There are indications that North Korean diplomats have on occasion eyed the much greater payout that might come from geopolitical blackmail.
In 1999, a top North Korean diplomat allegedly told Israeli officials that Pyongyang would halt its missile technology sales to Iran and other enemies of Israel if the Jewish state handed over $1 billion in cash. A July article in The Wall Street Journal highlighted the incident and how the Israelis ultimately refused. In the years since, the article said, North Korea supplied conventional and ballistic weapons and nuclear technology to countries such as Iran and Syria.
Hope for reform?
Mr. Aum of the Institute of Peace acknowledged that North Korean embassies have “secondary or tertiary roles” that involve illegal operations, but he argued in an interview that the “primary function” of Pyongyang’s international outposts “has always been diplomatic.”
“And that can be ramped up relatively quickly once there are better relations with the U.S.,” he said. “These embassies serve a diplomatic function in addition to all these illicit activities. If you have North Korean workers in a country, then you need to provide diplomatic and consular services, such as protection of those North Korean citizens.”
The notion that serious North Korean diplomatic reform might be possible is tantalizing in intelligence circles, where officials are aware that Pyongyang’s foreign operatives — particularly those doing business with U.S. adversaries — could be turned into invaluable sources for American spies if relations are ever fully normalized with Washington.
The National Committee on North Korea website outlining North Korean diplomatic relations offers a country-by-country breakdown that includes sections on nations such as Iran, noting that Tehran and Pyongyang “forged a close relationship following Iran’s 1979 Revolution” and have “a history of cooperating on missile technology.”
But the site also takes stock of Pyongyang’s relations with U.S. partners, from France and India to Sweden, which “functions as Protective Power for the United States, Canada, and Australia in North Korea.”
“What we’re putting together with our research is a picture of the extent of North Korea’s actual diplomatic relationships with the global community — strong connections that have been there a long time, and that in some cases have stayed resilient even as North Korea has faced increasing pressure over its nuclear program,” said Mr.
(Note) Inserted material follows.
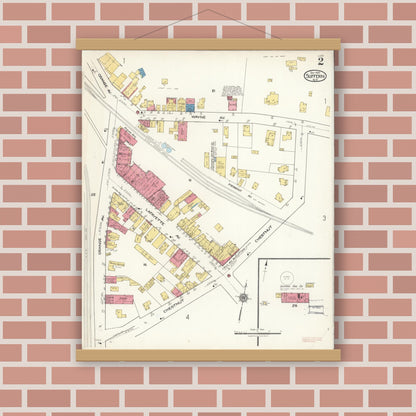 Old map wall art mockup — magnetic wood frame on brick wall — Sanborn Fire Insurance Map from Suffern, Rockland County, New York (1921), Sheet #0002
Luse of the National Committee on North Korea.
“For Kim to be successful in integrating North Korea into the global community, he’s going to have to overcome the current sanctions burden that defines his country’s relationship with Washington,” the organization’s executive director said. “But he is making moves in the direction of wanting to be accepted by the global community, and the actual physical diplomatic framework is already in place for that — in some parts of the world at least.”